(Scraped caption text data)
•••••

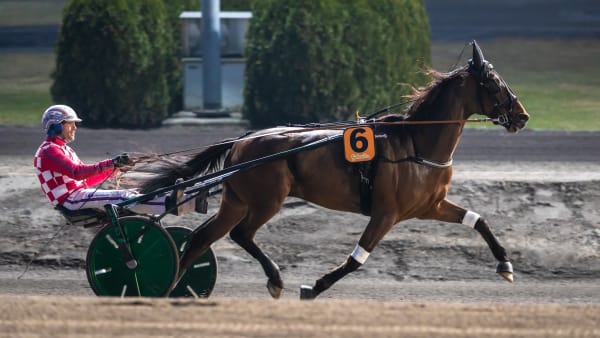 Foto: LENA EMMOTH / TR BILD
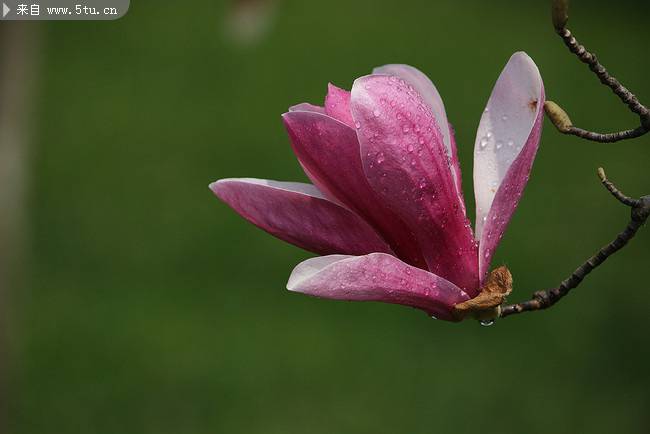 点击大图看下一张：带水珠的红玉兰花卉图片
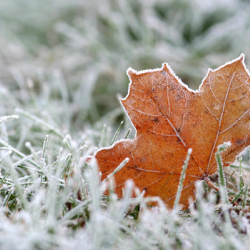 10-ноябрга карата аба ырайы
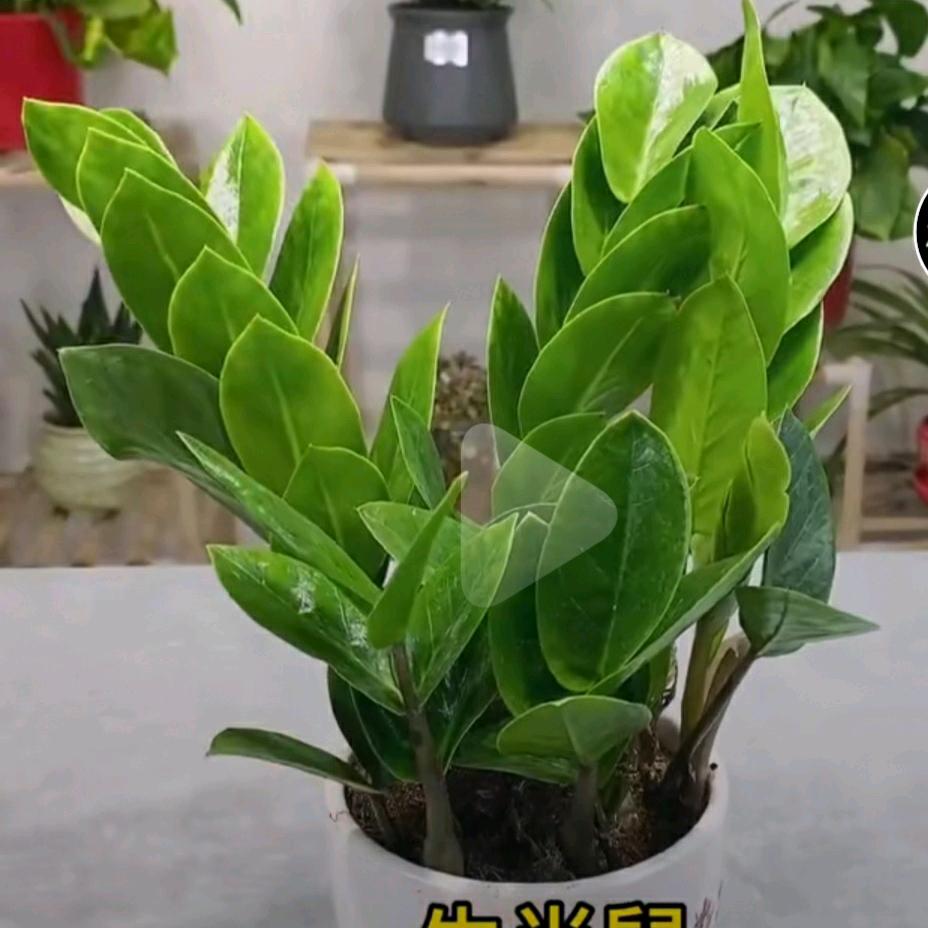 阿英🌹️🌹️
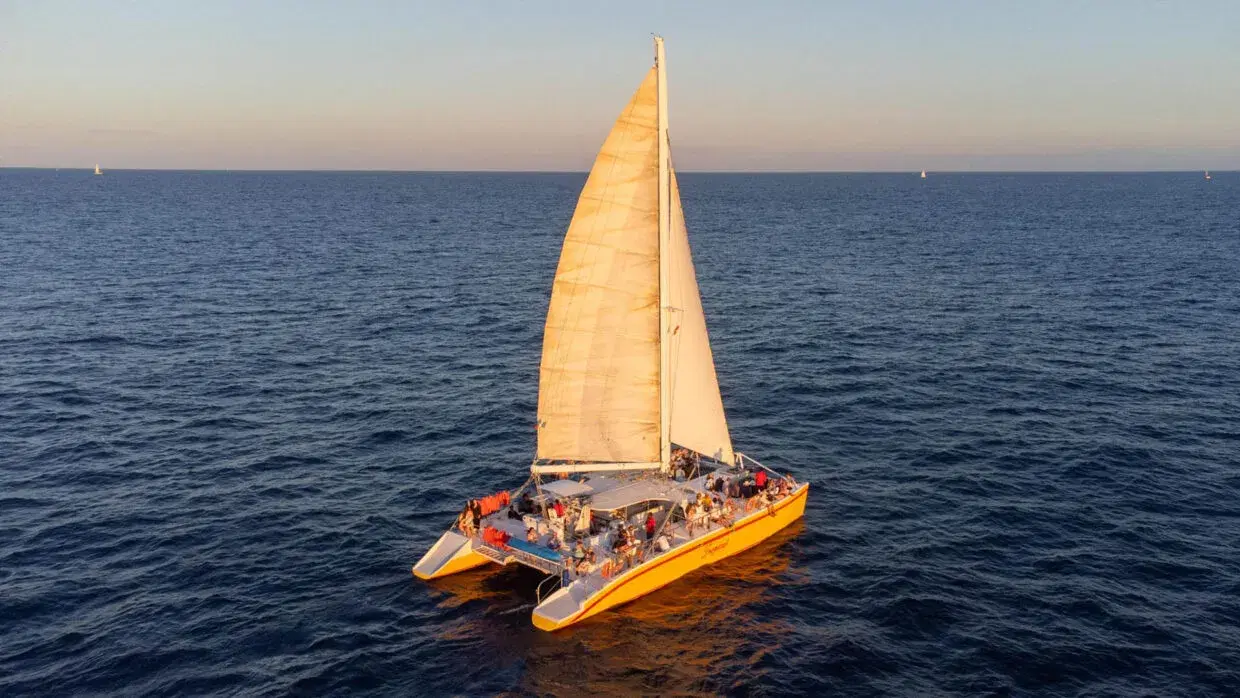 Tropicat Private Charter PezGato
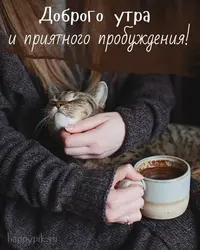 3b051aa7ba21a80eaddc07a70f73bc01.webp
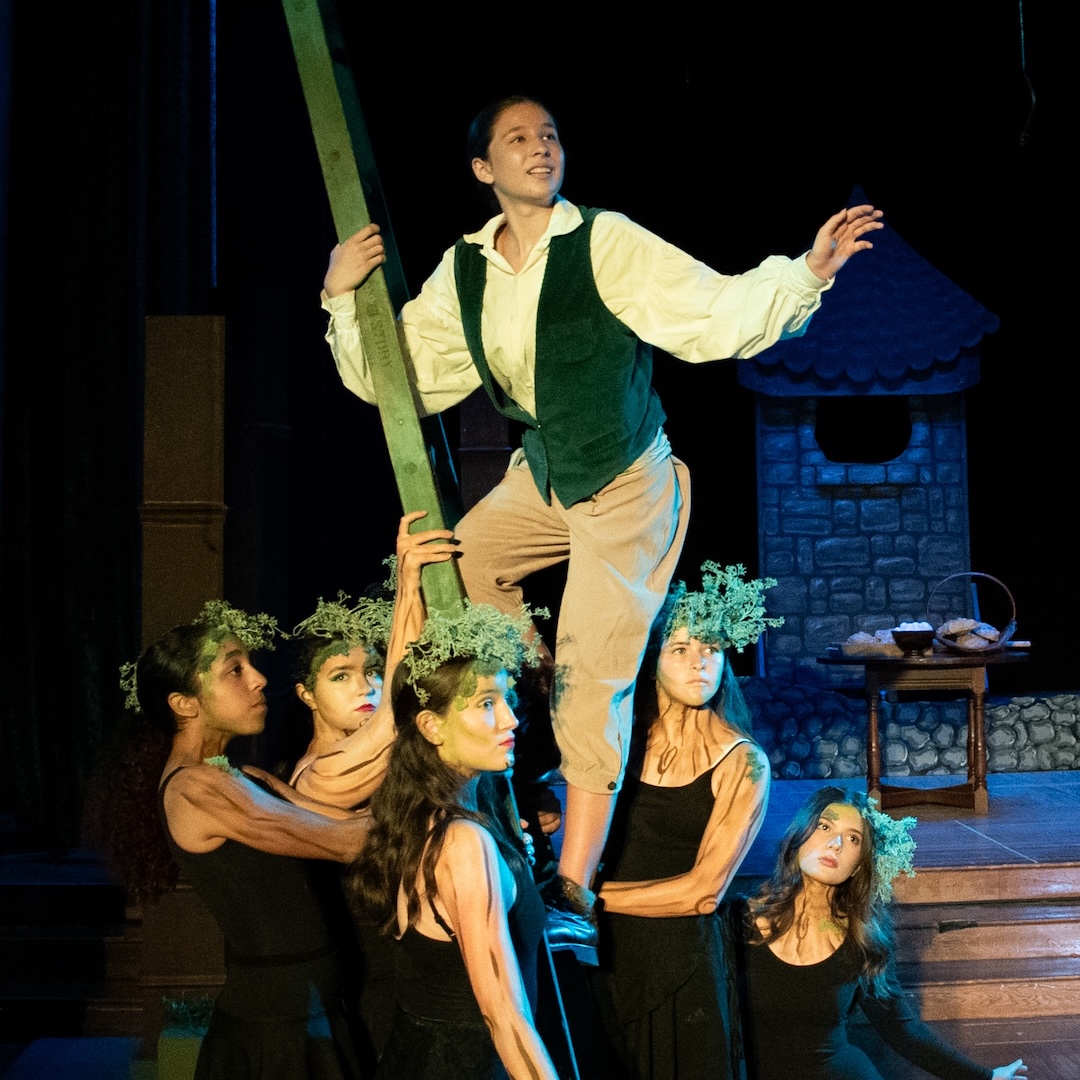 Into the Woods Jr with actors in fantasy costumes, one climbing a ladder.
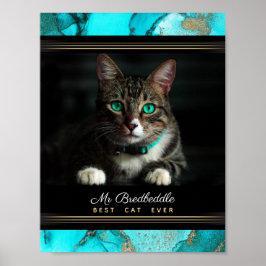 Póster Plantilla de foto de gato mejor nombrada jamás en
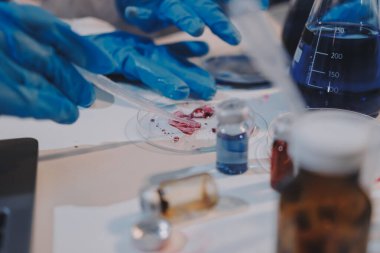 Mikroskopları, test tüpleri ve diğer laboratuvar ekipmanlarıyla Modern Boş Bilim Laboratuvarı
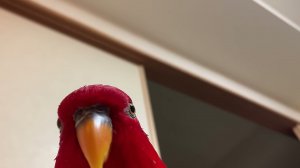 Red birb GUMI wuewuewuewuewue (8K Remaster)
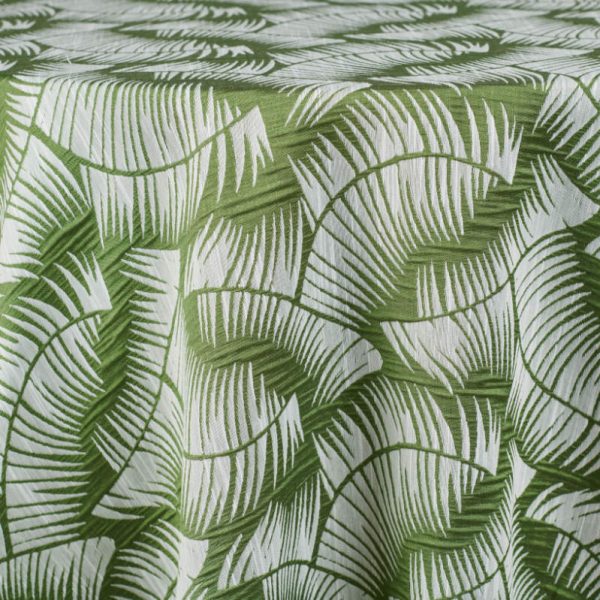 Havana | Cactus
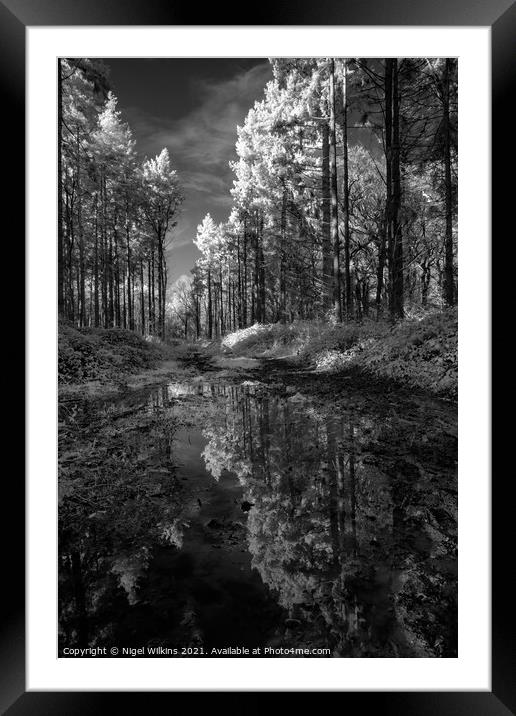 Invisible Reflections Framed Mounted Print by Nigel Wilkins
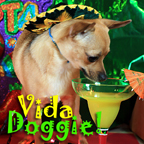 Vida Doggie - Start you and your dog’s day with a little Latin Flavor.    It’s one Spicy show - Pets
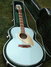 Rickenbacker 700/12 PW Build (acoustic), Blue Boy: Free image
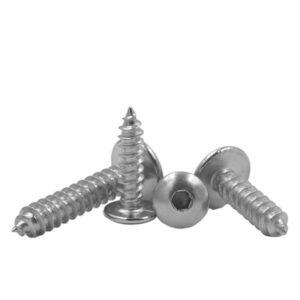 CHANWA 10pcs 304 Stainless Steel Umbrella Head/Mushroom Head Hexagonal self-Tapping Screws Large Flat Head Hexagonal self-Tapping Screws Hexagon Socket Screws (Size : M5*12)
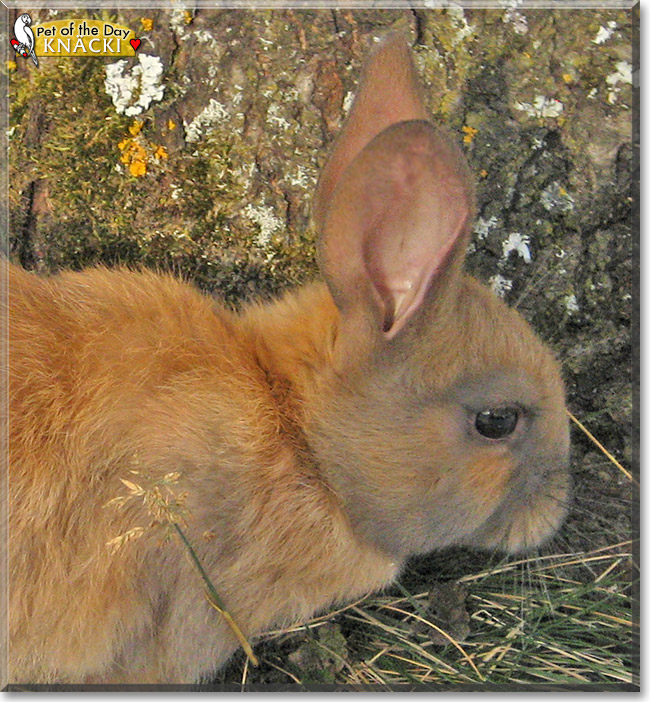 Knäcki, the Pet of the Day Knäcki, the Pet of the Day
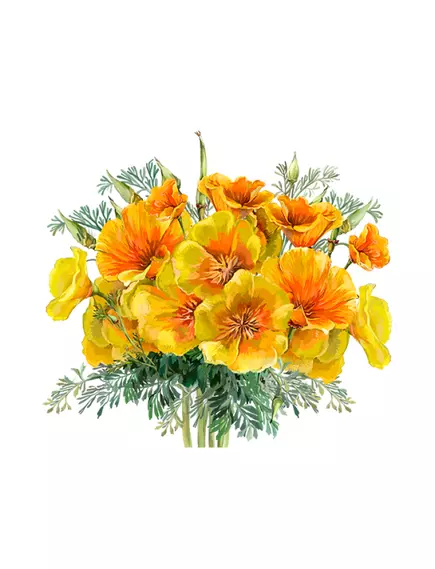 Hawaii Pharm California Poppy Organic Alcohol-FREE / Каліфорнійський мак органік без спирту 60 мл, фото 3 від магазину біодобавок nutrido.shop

•••••

ACTIVITY: Output the records above character for character, but leave each image out.

SOLUTION BELOW:
 Foto: LENA EMMOTH / TR BILD
 点击大图看下一张：带水珠的红玉兰花卉图片
 10-ноябрга карата аба ырайы
 阿英🌹️🌹️
 Tropicat Private Charter PezGato
 3b051aa7ba21a80eaddc07a70f73bc01.webp
 Into the Woods Jr with actors in fantasy costumes, one climbing a ladder.
 Póster Plantilla de foto de gato mejor nombrada jamás en
 Mikroskopları, test tüpleri ve diğer laboratuvar ekipmanlarıyla Modern Boş Bilim Laboratuvarı
 Red birb GUMI wuewuewuewuewue (8K Remaster)
 Havana | Cactus
 Invisible Reflections Framed Mounted Print by Nigel Wilkins
 Vida Doggie - Start you and your dog’s day with a little Latin Flavor.    It’s one Spicy show - Pets
 Rickenbacker 700/12 PW Build (acoustic), Blue Boy: Free image
 CHANWA 10pcs 304 Stainless Steel Umbrella Head/Mushroom Head Hexagonal self-Tapping Screws Large Flat Head Hexagonal self-Tapping Screws Hexagon Socket Screws (Size : M5*12)
 Knäcki, the Pet of the Day Knäcki, the Pet of the Day
 Hawaii Pharm California Poppy Organic Alcohol-FREE / Каліфорнійський мак органік без спирту 60 мл, фото 3 від магазину біодобавок nutrido.shop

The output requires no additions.